*** EXCERPTED RECORDS Section Begins ***
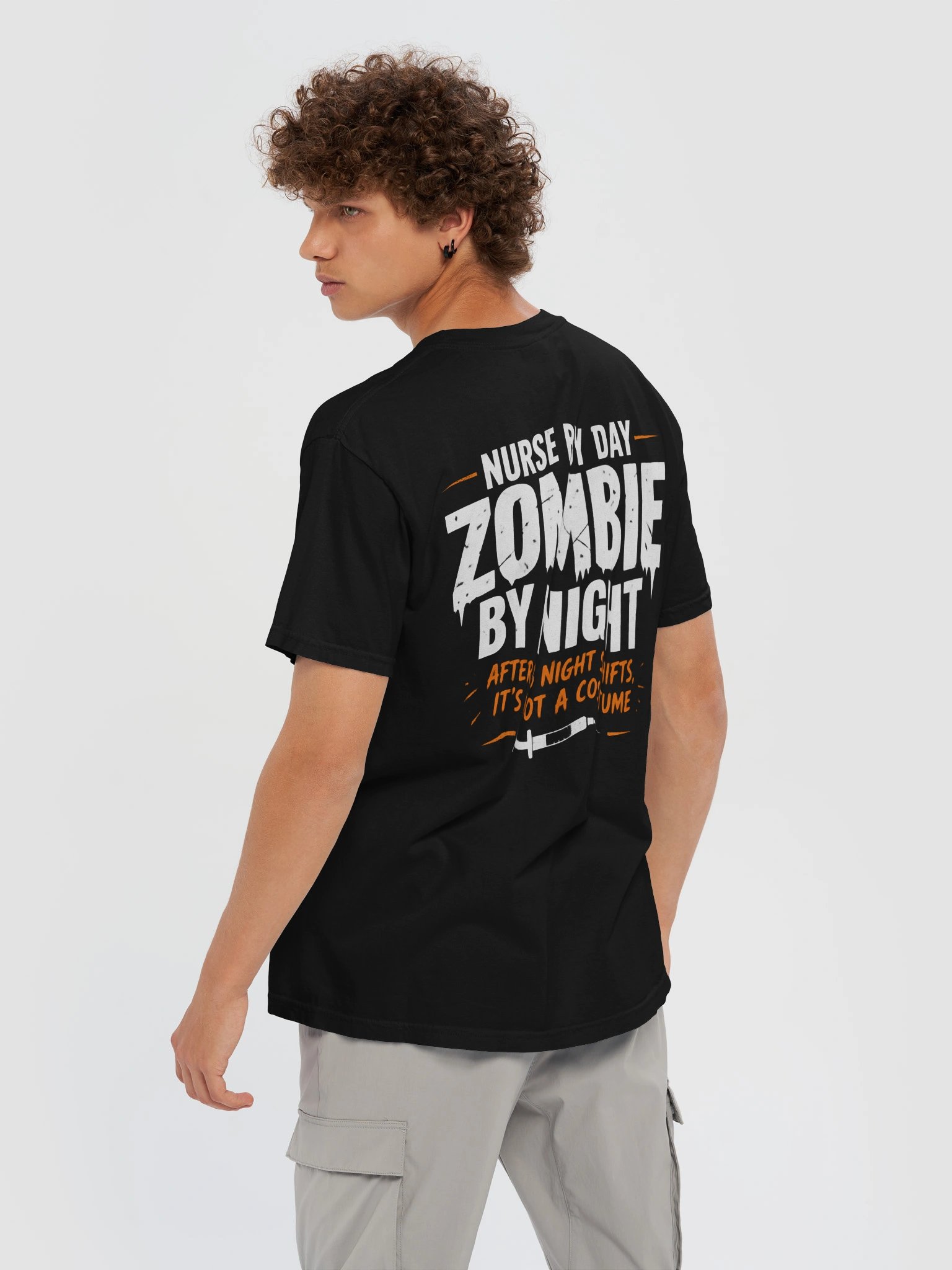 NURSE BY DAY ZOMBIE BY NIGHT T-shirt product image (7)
*** EXCERPTED RECORDS Section Ends ***
*** EXCERPTED RECORDS Section Begins ***
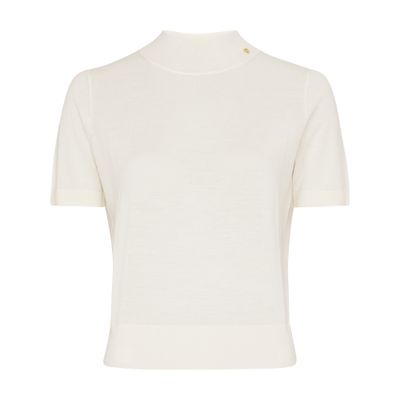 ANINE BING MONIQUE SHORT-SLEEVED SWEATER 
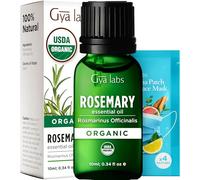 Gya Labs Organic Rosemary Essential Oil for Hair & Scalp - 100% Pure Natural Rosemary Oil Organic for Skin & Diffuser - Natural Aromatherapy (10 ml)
*** EXCERPTED RECORDS Section Ends ***
*** EXCERPTED RECORDS Section Begins ***
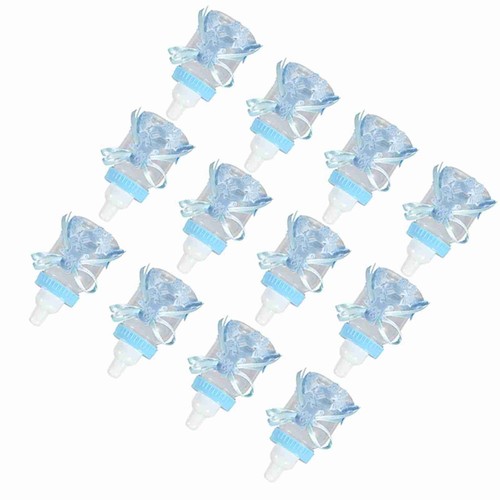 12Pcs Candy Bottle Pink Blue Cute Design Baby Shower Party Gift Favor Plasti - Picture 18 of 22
*** EXCERPTED RECORDS Section Ends ***
• _WORK TO COMPLETE_
Nothing outside the stretch above, from the line with "ANINE BING MONIQUE SHORT-SLEEVED SWEATER" through the line with "Gya Labs Organic", is set down. Transcribe that stretch exactly, ends included, but not its pictures.

• _RESPONSE_
 ANINE BING MONIQUE SHORT-SLEEVED SWEATER 
 Gya Labs Organic Rosemary Essential Oil for Hair & Scalp - 100% Pure Natural Rosemary Oil Organic for Skin & Diffuser - Natural Aromatherapy (10 ml)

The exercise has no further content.